**WHAT TO DO**: Copy exactly, and copy nothing else: the line that contains "Wall Mural - abstract" and all lines after it in the listing, without pictures.

++++ DATA SEGMENT ++++

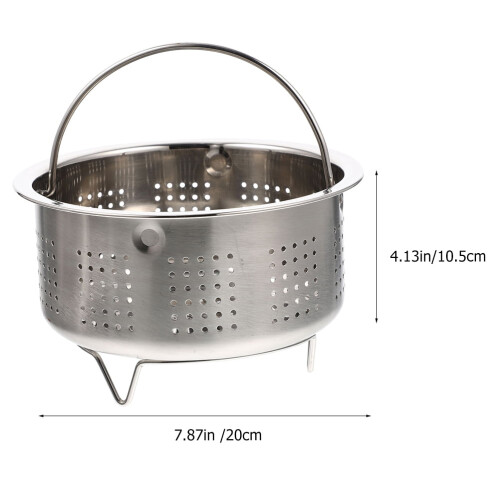 Panier vapeur en acier inoxydable pour cuiseur à riz 1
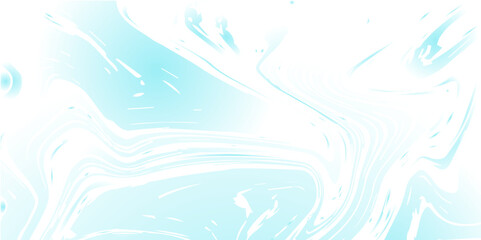 Wall Mural - abstract pattern white and blue marble texture and background. liquify swirl blue and white color ar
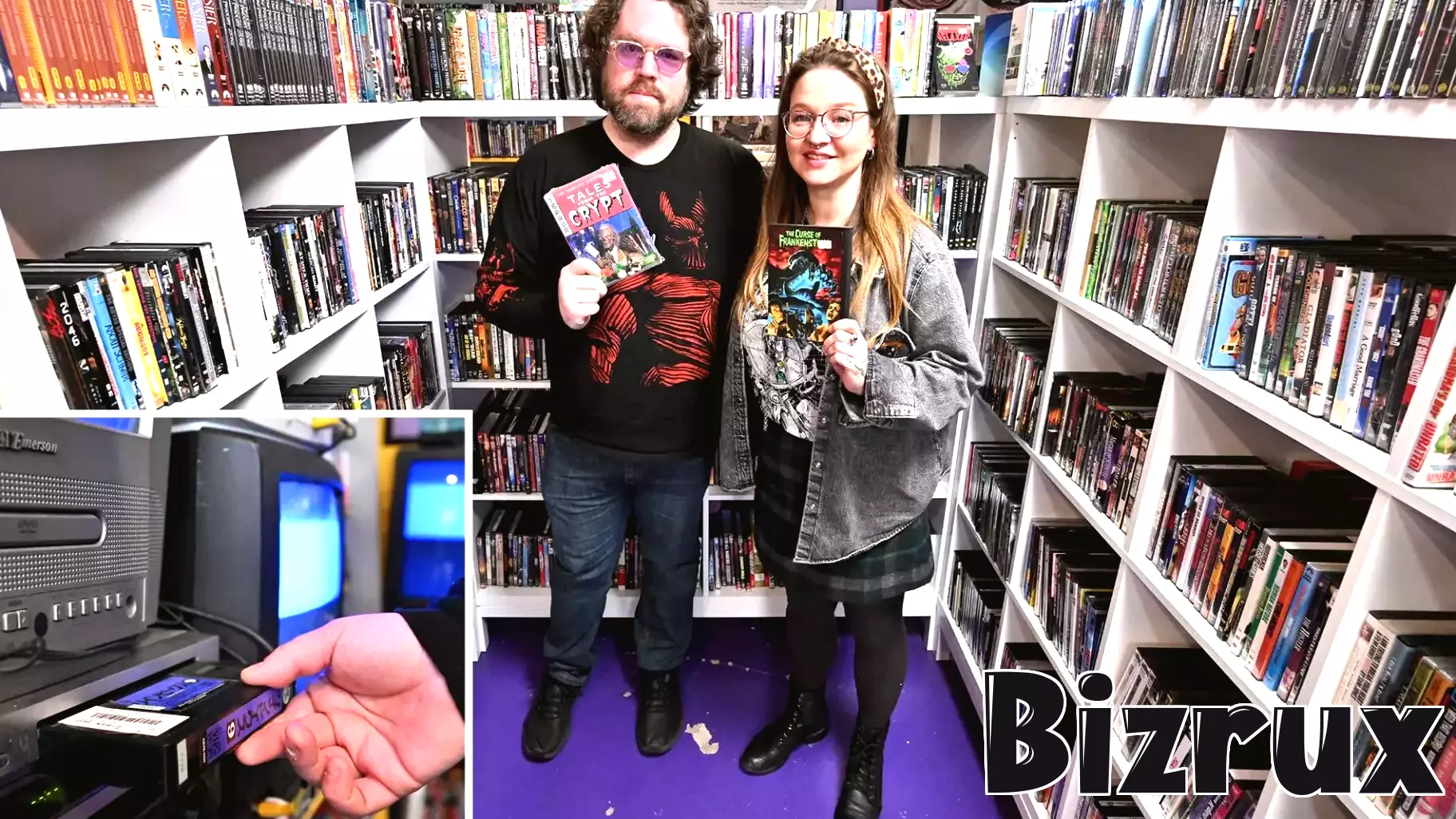 Retro NYC video store marks booming first year in business – thanks to growing Gen-Z demand for VHS, DVDs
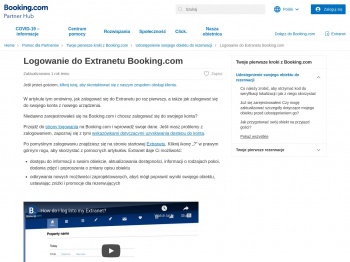 Logowanie do Extranetu Booking.com | Booking.com for ...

++++

**EXERCISE SOLUTION**:
 Wall Mural - abstract pattern white and blue marble texture and background. liquify swirl blue and white color ar
 Retro NYC video store marks booming first year in business – thanks to growing Gen-Z demand for VHS, DVDs
 Logowanie do Extranetu Booking.com | Booking.com for ...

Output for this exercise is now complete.